Seth Arenstein, Editor
Campaign: “You Must be Steven’s Phone”
Format: TV and online
About the Campaign: It’s part of Xfinity’s effort to protect customers from people stealing their WiFi. It also associates Xfinity with security generally. This works well for Comcast, which is moving big time into home security. It also highlights the convenience of the Xfinity network. In the ad, the father gets a message on his phone that Steven’s Phone has invaded his network, to say nothing of his daughter’s bedroom.
Why I Love the Campaign: It’s a disarming way to discuss a serious topic: WiFi network security. Clearly, parents don’t buy Xfinity’s services to spy on their kids (well, maybe some do). Still, stealing WiFi is an important concern. What’s great here is that instead of offering a dull security commercial, this ad is charming and highly identifiable.
The opening music, by the Strollers, “Go Where My Baby Lives” (1957), sets the tone for a 50’s romp. Maybe the tone is even older. A young man climbs up the trestle to his girlfriend's window, a la Romeo and Juliet. How romantic. And heck, we're running this article on Valentine's Day, right?

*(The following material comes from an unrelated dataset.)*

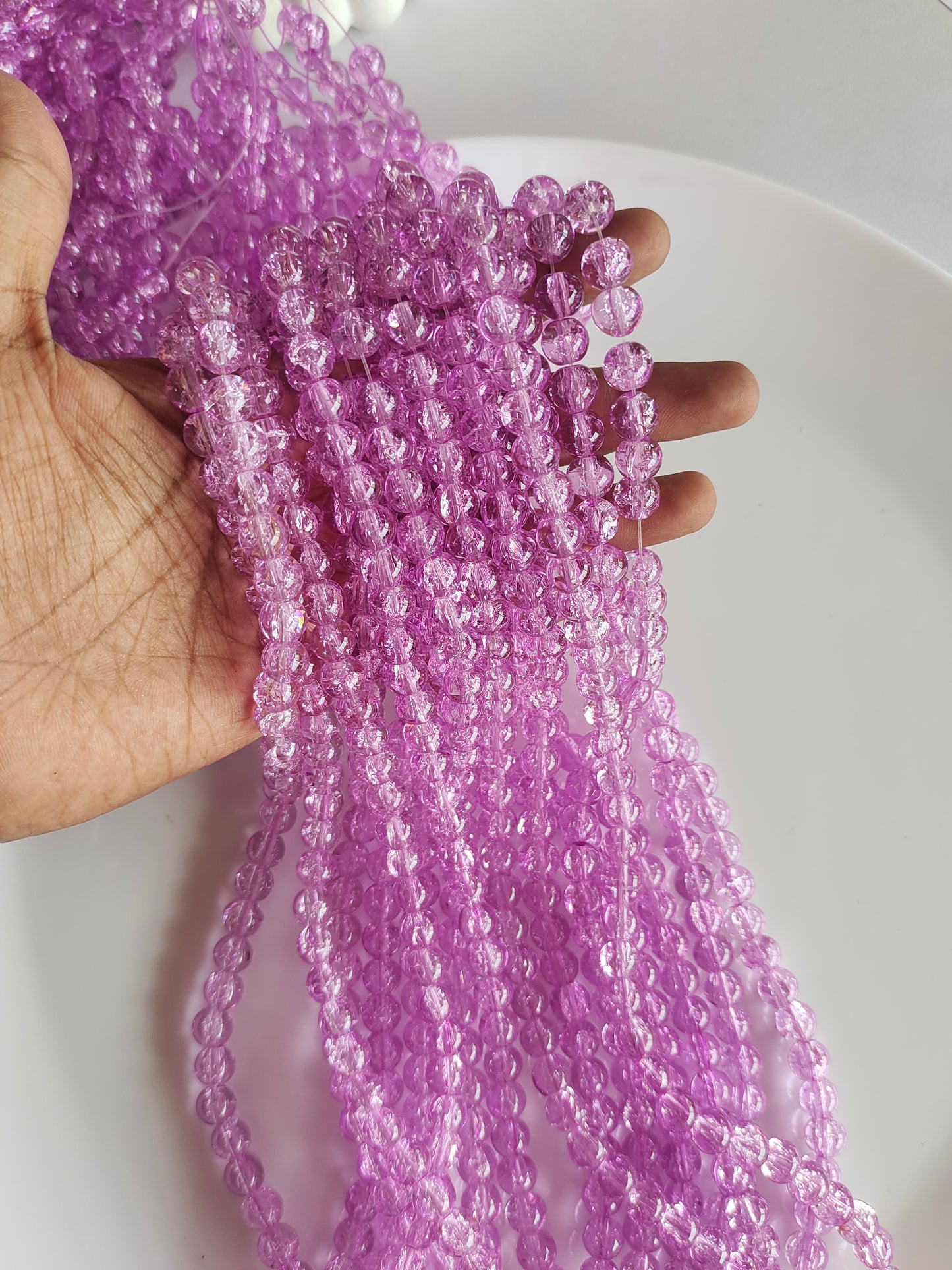 Single Shade Crackle Beads 8mm Lavendar - approx. 100 beads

We love how the ad gives you a bit of the 'things aren't always what they seem.' It's dark and the young man is creeping around. He's there to rob houses, right? No, we see the young man fusses with his hair. How cute, we think. He's not there to rob the house.
But then he's spying on the place, watching as someone shuts a bedroom light. Everyone's off to bed presumably. It’s safe to move ahead. He might still be robbing the place.

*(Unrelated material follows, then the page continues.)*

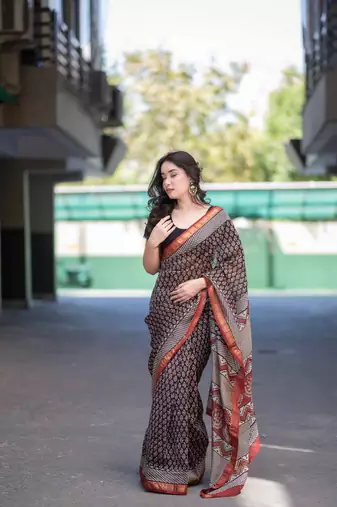 black bagru maheshwari silk blend saree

He avoids a growling pooch growls deftly. Yes, he's a robber. He shimmies up the trestle outside the house and begins to enter a girl's window. She and he exchange smiles. Oh, good, he's just there to chat with his girlfriend. Of course, we knew it all along.
The boy barely penetrates the threshold and as soon as that happens, dad, a total loser in a bathrobe that nerds everywhere covet, spoils things. And adding to dad's extreme dweebster cred, instead of saying, “Hi, Steven,” the girl's old man says, “You must be Steven’s Phone.”

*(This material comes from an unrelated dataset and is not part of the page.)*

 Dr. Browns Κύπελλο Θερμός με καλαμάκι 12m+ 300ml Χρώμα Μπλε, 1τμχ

While Steven’s exasperated expression is good, as is his hand wave as he heads back down the trellis, the look on his girlfriend’s face is priceless.
Impacts of the Campaign on business/culture/politics/etc.: There's been a flurry of renewed interest in The Strollers. In addition, the ad has forced me to do my homework. I always find out if my dates' family has a dog and a Comcast/Xfinity account before I attempt a midnight rendezvous.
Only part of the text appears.